When you're defining complex calculations in LookML, it can be helpful to break them down into intermediate steps that involve simpler calculations. By creating intermediate measures, you make your calculations more readable, easier to maintain, and less error-prone, since you only need to ensure that each intermediate calculation is correct in one place.
This page provides an example of how you can make your calculations in LookML more readable and maintainable by defining intermediate measures to break complex calculations into smaller, more manageable steps.
Ingredients
- The LookML
measure
parameter - The
sql
parameter of a measure - A measure of
type: sum
- A measure of
type: number
- The LookML
hidden
parameter (for fields)
Prerequisites
Example: Breaking a complex calculation into intermediate measures
Suppose you have a company that sells products online, and you want to define measures to calculate total profit and shareholder dividends. One way to do this would be to define two measures: a total_profit
measure and a shareholder_dividends
measure, as follows:
measure: total_profit {
type: number
sql: SUM(${orders.sale_price}) - SUM(${employees.salary}) - SUM(${products.cost}) ;;
}
measure: shareholder_dividends
description: "We give shareholders 60% of our total profits."
type: number
sql: 0.6 * (SUM(${orders.sale_price}) - SUM(${employees.salary}) - SUM(${products.cost})) ;;
In this example, the calculation SUM(${orders.sale_price}) - SUM(${employees.salary}) - SUM(${products.cost})
is reused in the sql
parameter for both measures. If you need to update the definition of this calculation, such as to correct an error, you would have to update the calculation manually for both measures.

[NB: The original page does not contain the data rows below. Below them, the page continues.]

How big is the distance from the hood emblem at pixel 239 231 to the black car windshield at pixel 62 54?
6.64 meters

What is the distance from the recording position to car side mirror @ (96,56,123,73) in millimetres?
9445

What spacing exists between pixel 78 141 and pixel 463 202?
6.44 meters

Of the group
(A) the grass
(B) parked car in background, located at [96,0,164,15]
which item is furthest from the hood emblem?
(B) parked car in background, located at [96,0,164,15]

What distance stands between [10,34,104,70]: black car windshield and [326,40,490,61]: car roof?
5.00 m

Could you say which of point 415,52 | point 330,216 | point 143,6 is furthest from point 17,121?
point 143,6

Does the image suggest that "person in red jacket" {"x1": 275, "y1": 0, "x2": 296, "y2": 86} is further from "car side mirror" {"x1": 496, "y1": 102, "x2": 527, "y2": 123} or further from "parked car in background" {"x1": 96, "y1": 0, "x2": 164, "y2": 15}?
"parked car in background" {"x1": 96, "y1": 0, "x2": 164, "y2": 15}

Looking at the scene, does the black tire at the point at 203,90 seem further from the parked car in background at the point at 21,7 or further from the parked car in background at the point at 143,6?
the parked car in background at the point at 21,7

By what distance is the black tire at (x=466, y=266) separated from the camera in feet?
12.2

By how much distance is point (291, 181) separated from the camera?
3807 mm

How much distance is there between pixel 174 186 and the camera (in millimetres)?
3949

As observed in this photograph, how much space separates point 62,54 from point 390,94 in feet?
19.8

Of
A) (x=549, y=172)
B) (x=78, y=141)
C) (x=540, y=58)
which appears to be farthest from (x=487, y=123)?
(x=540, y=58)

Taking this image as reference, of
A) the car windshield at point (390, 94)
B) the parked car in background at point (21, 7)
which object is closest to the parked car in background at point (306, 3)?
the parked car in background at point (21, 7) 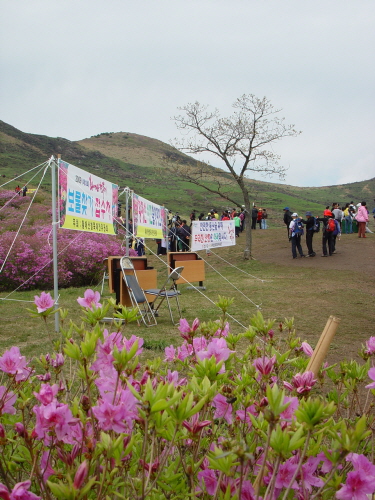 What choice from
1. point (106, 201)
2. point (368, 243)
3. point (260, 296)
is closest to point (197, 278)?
point (260, 296)

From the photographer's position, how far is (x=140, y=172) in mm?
83062

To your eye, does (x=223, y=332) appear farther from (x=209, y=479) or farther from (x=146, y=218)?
(x=146, y=218)

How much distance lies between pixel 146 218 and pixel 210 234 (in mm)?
2342

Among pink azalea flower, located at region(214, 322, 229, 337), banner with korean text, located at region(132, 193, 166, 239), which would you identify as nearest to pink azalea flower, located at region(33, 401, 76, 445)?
pink azalea flower, located at region(214, 322, 229, 337)

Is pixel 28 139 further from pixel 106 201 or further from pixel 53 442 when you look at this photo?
pixel 53 442

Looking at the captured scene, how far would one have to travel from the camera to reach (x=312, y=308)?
7.78m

You can make these measure definitions easier to maintain by reusing the total_profit
measure within the calculation in the shareholder_dividends
measure:
measure: total_profit {
type: number
sql: SUM(${orders.sale_price}) - SUM(${employees.salary}) - SUM(${products.cost}) ;;
}
measure: shareholder_dividends
description: "We give shareholders 60% of our total profits."
type: number
sql: 0.6 * ${total_profit} ;;
You may want to break the calculation in total_profit
into even simpler measures that can be reused in other calculations. For example, you can create measures of type: sum
called total_sales
, total_revenue
, total_cost
, and total_salary
:
measure: total_sales {
hidden: yes
type: sum
sql: ${orders.sale_price} ;;
}
measure: total_revenue {
hidden: yes
type: number
sql: ${total_sales} ;;
}
measure: total_cost {
hidden: yes
type: sum
sql: ${products.cost} ;;
}
measure: total_salary {
hidden: yes
type: sum
sql: ${employees.salary} ;;
}
You can then reuse the intermediate fields you have defined as follows:
measure: total_expenses {
type: number
sql: ${total_cost} + ${total_salary} ;;
}
measure: total_profit {
type: number
sql: ${total_revenue} - ${total_expenses} ;;
}
measure: shareholder_dividends {
description: "We give shareholders 60% of our total profits."
type: number
sql: 0.6 * ${total_profit} ;;
}
Although you have defined more measures, these intermediate measures can be reused within other calculations, and it will be easier correct a mistake or make any changes to calculations that are used in multiple measures.